After some preliminary announcements we started in with prayer. Nothing caught my ear particularly until he got to the part about "Lord, turn the hearts of the Godless nation back to you." "That's a bit sweeping and general!" I thought to myself, followed immediately by "So, he either thinks he is Godless as well or that most everyone is Godless except those that agree with him." My indignation subsided however when I realized I was thinking it through probably way more than I ought. He just meant there's a lot of sinnin' going on! I can handle that. (although I still don't think he should've said it.)

Next came a pledge to the American flag, the Christian flag and the Bible each followed by an appropriate song to be elaborated on shortly. He prefaced these things by saying that they only do it once a year, but I wasn't sure if he meant the whole thing or just the American part. Maybe the pledge to the Christian flag and to the Bible every time. I forgot to ask. Either way, the pledge was followed by the National Anthem, both done while a member of the congregation held the American flag.
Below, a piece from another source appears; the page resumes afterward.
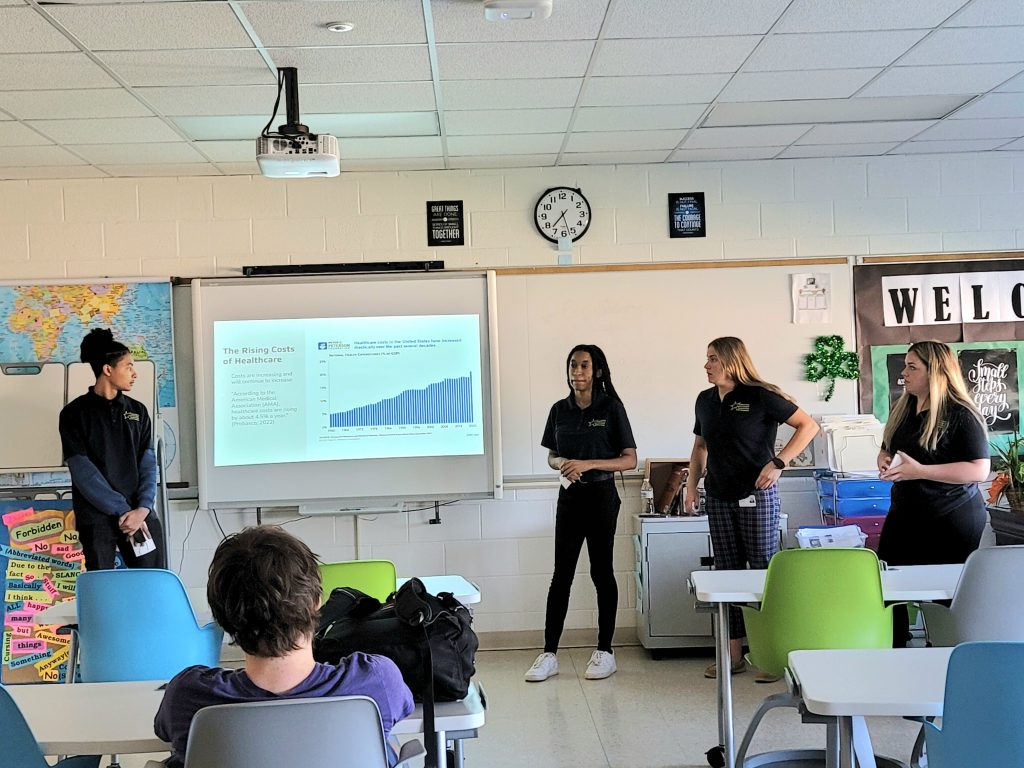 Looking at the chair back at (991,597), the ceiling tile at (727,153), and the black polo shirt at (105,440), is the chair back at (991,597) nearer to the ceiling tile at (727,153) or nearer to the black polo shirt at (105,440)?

Nothing unusual there. Next however, was the Christian flag. First of all, I didn't even know there was a 'Christian Flag' and it certainly never would have occurred to me to pledge to it. The Wikipedia page on the topic was quite helpful. Next, also new to me, was a pledge to the Bible followed by the B-I-B-L-E song.
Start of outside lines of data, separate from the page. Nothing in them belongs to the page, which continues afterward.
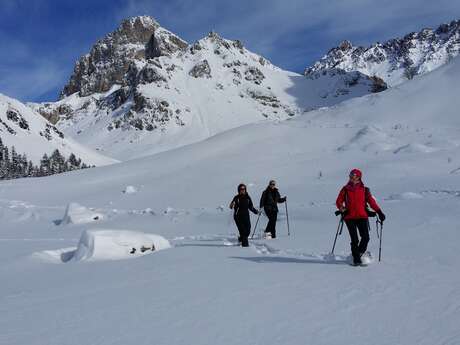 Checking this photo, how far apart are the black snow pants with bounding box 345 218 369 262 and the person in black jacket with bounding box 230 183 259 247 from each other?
4.02 meters

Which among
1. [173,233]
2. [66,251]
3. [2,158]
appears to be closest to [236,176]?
[173,233]

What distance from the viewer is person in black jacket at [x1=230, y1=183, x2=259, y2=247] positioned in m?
11.9

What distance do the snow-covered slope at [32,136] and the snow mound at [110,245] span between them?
136111mm

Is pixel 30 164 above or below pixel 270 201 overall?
above

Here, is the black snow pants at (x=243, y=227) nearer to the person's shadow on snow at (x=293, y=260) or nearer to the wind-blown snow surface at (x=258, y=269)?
the wind-blown snow surface at (x=258, y=269)

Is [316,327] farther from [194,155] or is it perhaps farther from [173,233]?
[194,155]

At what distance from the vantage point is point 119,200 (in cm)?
2578

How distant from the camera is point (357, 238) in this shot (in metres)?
8.33

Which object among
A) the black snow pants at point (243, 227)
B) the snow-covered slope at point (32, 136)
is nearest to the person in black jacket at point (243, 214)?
the black snow pants at point (243, 227)

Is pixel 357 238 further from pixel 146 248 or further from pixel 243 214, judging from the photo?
pixel 146 248

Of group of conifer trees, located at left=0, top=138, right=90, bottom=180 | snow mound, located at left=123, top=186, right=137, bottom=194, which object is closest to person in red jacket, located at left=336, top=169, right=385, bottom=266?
snow mound, located at left=123, top=186, right=137, bottom=194

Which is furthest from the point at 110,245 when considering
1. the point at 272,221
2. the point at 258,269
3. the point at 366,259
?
the point at 366,259

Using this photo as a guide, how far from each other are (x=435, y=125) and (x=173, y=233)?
837 inches

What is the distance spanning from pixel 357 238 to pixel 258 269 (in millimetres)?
1942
Crestview Baptist takes its America seriously, so the pledges were followed by the standbys of patriotic songs: America the Beautiful, My Country 'Tis of Thee and the Battle Hymn of the Republic. I noticed that each song was completed through all verses, making sure to emphasize those last couple that actually mentioned God. I got the impression they regretted having to sing the first few to get to the explicitly Godly ones. The Glory! Glory! Hallelujah! part of the Battle Hymn was encouraged to be sung with special gusto to seemingly to emphasize the Glory of God tied with America.

Next was a video/slideshow set to a song by the country group Diamond Rio called "In God We Still Trust". The group had apparently difficulty getting the song on an album and on the radio because "the Devil was keeping it from the people". The song itself was pretty simple, basically listing where God shows up in American society, in the pledge and printed on money for example, and reaffirms that America does still trust in God just like it says next to the picture of Mr. Washington. The slideshow accompanying the song was the kind you get in email forwards, mostly stock photos of AMERICA stuff, your basic eagles, monuments, firefighters etc... The only real problem I had was that it made effort to equate flag burning with being anti-Christian. While America does have lots of Christians it is probably not true that someone burning and American flag is doing so to spite Christians.

After this follows the homily/message/preaching but this is already a long post so I'll stop here. Look for Glory! Glory! Hallelujah! (part 2) later today or tomorrow.

*As you I hope know, I am very Catholic. The things I point out here are mostly just thing I noticed. Of course I think Catholicism is better but for the most part, my view of Protestantism is not that their wrong but that their just missing things. For the most part they have good and holy intentions and so I try not to criticize too much. These are merely things I notice. Part 2, that includes the message/homily, will discuss the things I liked, which are more than you might expect.